The quality we're looking at here is empathy, which must begin with the writer taking the necessary steps to be able to think the way the character thinks, feel what the character feels, speak the way the character speaks, and this last bit of subtlety, be able to adopt the character's mechanism for subtext. The character may say one thing but in the regard of that spoken tag, do something altogether different. The reader needs to know if the character is lying, to whom, and why.
For Empathy to apply and have results, the writer must put him or herself aside. To give an exaggerated example, the writer must be able to identify with the character to the extent of "being" a person with the height of five feet, six inches, in a room filled with professional basketball players.
The writer must give the reader enough of a sense of the character to cause the reader to feel concern for the outcome of that character's fate. At least one thing about that character must register with the reader to the extent that the reader begins to experience a sense of unease and concern for what the reader believes the character is about to do next.

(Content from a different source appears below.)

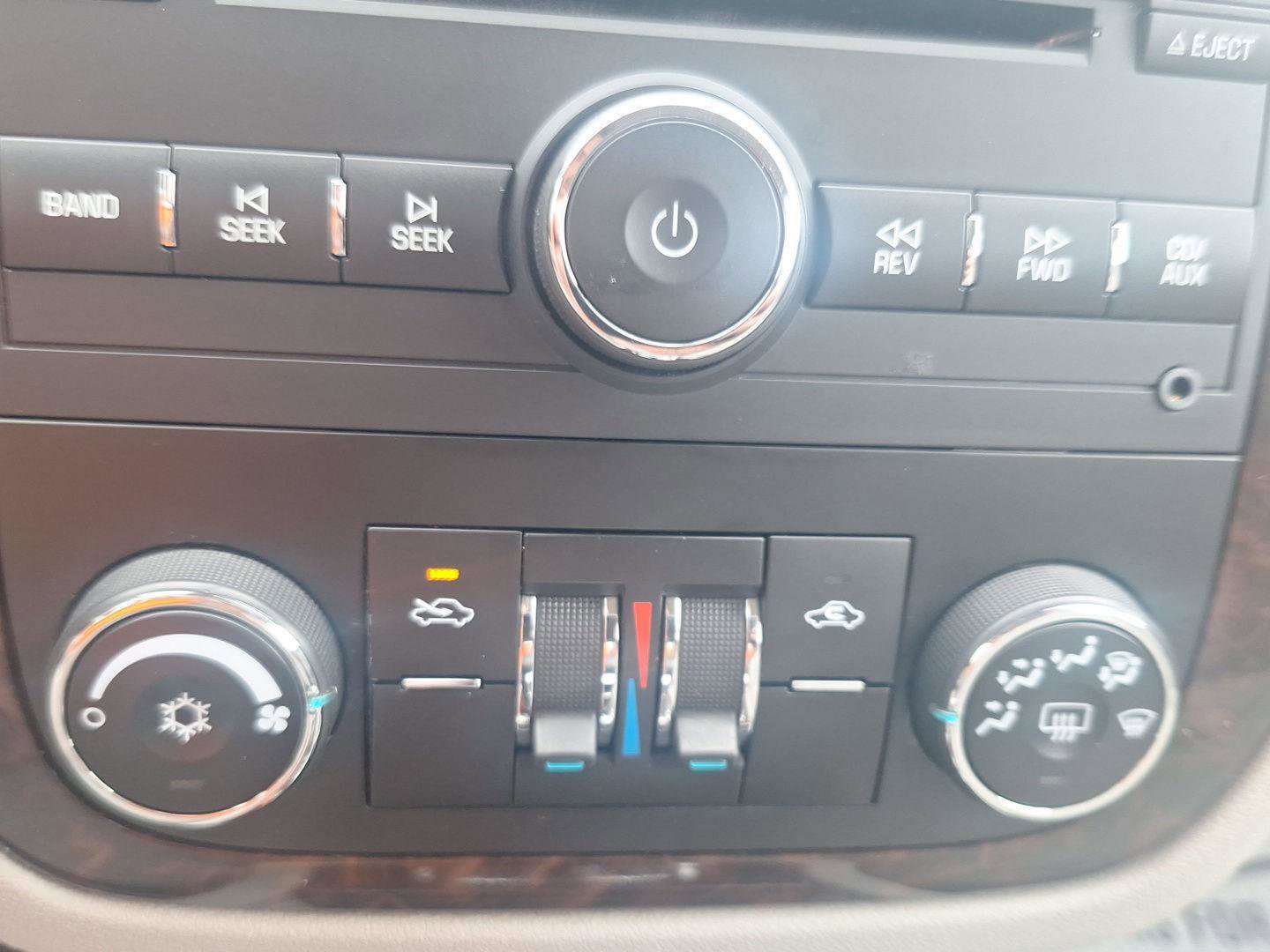 Used 2016 Chevrolet Impala LT FWD image 27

One of the most sustained and compelling examples of empathy you've come across in recent years appears with exquisite regularity in a recent collection of short stories, Redeployment, a debut collection from Phil Klay. Given Stephen Crane's amazing ability to write a convincing narrative about a war that took place before he was born, you could suspect Klay of having come by his information about various levels of service in Iraq from second- and third-hand sources. But the work brims so full of authenticity, you have to conclude Klay was there, not only from his sensual evocation of Iraq but as well from his portrayal of men and women at many levels of combat and non-combat participation.
The stories are seen through officers, non-coms, and enlisted personnel, including a chaplain. Ages of characters range from eighteen or nineteen into the forties. Nearly every individual who appears is now or was in the recent past military, with reference to service in Afghanistan and Iraq.
You had and continue to experience severe opposition to both ventures. A good deal of residual distaste for the military seeps into your reading of these stories, but this residue is in every case overcome by the author's ability to make his characters available in all their youth, romanticism, and combat readiness that borders on aberrant behavior seem human, frail, believable, and somehow, even while they are presented in their eagerness to rack up battle kills, as commendable individuals.
To cite the last story in the collection, its narrator, a lance corporal in an artillery unit, part of a team that can send shells five and six miles away to work their incredible damage, is seeking proof of his units first kills. He is at once one of the things you hate most about war and in his vulnerability one of the reasons you care for such an individual and the nightmare aspects of the rest of his life.
Empathy.
A story works best when its protagonists and antagonists change places during the arc of the narrative, which allows us to see how there are always at least two sides to a conflict, and sometimes so many more that the characters never leave us.